# UWN window stickers



## Petersen (Sep 7, 2007)

We finally have some window stickers available, and we're giving them away to whoever wants one or two and plans on actually using them. Forum member Cfarnwide made up a few hundred of them, and was good enough to donate them to the forum.

I'm looking forward to seeing these on vehicles around the state. With some luck, they will bring lots more forum members this way. They will also help us recognize each other when we're out and about.

First of all, "Thank you cfarnwide!" 

Second, if you want one, follow this link and we'll fill you in.


----------



## dubob (Sep 8, 2007)

Thank you Sir. My envelope requesting 2 is going out today. I will display them proudly.


----------



## orvis1 (Sep 7, 2007)

I think I could use 4 if you have enough available...

1 for the car
1 for the truck
1 for the ice sled
1 for the boat...


I will get my envelope to you asap....


Thanks!


----------



## truemule (Sep 12, 2007)

Envelope on the way. thanks CFRANWIDE!


----------



## JAT83 (Sep 9, 2007)

I hope there are still some available, I want some too!


----------



## Petersen (Sep 7, 2007)

JAT83 said:


> I hope there are still some available, I want some too!
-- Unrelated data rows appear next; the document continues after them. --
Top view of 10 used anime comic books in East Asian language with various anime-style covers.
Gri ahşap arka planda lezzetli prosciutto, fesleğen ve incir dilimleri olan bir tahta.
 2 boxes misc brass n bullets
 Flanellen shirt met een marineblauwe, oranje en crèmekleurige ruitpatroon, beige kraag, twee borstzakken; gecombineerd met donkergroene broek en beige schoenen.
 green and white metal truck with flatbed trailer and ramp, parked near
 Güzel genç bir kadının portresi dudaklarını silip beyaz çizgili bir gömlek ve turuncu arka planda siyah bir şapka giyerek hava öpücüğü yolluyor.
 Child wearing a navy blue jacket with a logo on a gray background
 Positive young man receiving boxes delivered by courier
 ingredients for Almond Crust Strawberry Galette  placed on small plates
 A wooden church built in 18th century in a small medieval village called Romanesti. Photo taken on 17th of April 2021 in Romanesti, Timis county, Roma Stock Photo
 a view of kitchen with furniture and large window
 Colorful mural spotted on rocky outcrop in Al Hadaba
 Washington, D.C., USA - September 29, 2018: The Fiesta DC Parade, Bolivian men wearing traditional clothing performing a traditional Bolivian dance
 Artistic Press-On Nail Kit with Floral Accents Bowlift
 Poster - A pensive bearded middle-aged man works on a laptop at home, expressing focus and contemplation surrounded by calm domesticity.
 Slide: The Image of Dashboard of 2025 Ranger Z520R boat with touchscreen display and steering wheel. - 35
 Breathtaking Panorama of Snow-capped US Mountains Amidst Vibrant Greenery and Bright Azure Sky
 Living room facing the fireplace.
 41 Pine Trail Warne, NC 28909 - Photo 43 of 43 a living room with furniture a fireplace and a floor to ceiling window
We still have quite a few left.


----------



## Tigru (Oct 15, 2007)

*Done and Done*

Done and Done


----------



## JAT83 (Sep 9, 2007)

I got my window stickers in the mail yesterday! I am going to clean the car and stick them on! Thanks a bunch Peterson!


----------



## elkbudy (Dec 24, 2007)

got are stickers in the mail yesterday allready have them on mine and my sons truck's thanks cfarnwide and peterson


----------



## orvis1 (Sep 7, 2007)

Mine arrived to! I already have one on the ice sled!


----------



## Improv (Sep 8, 2007)

got mine today. Thanks!


----------



## k2muskie (Oct 6, 2007)

Envelope in the mail Friday 29 Feb!!  Request 3...one for boat two for vehicles. THANK YOU CFARNWIDE & PETERSEN!!! :wink: :wink:


----------



## .45 (Sep 21, 2007)

k2muskie said:


> Envelope in the mail Friday 29 Feb!!  Request 3...one for boat two for vehicles. THANK YOU CFARNWIDE & PETERSEN!!! :wink: :wink:


Good thinking !! Dang it..I'll have to get another to put on the boat....


----------



## k2muskie (Oct 6, 2007)

Got'em today...Again THANK YOU CFARNWIDE and PETERSEN.  Nice look'n and when the vehicles get a real "good" wash and the boat is fully naked (unwrapped from winter hibernation) "they'll be displayed" with PRIDE!! :wink: :wink:


----------



## waltny (Sep 8, 2007)

Any more of these left? Id like to get 2 and wanted to be sure there were still some left before I send off the envolope.


----------



## .45 (Sep 21, 2007)

waltny said:


> Any more of these left? Id like to get 2 and wanted to be sure there were still some left before I send off the envolope.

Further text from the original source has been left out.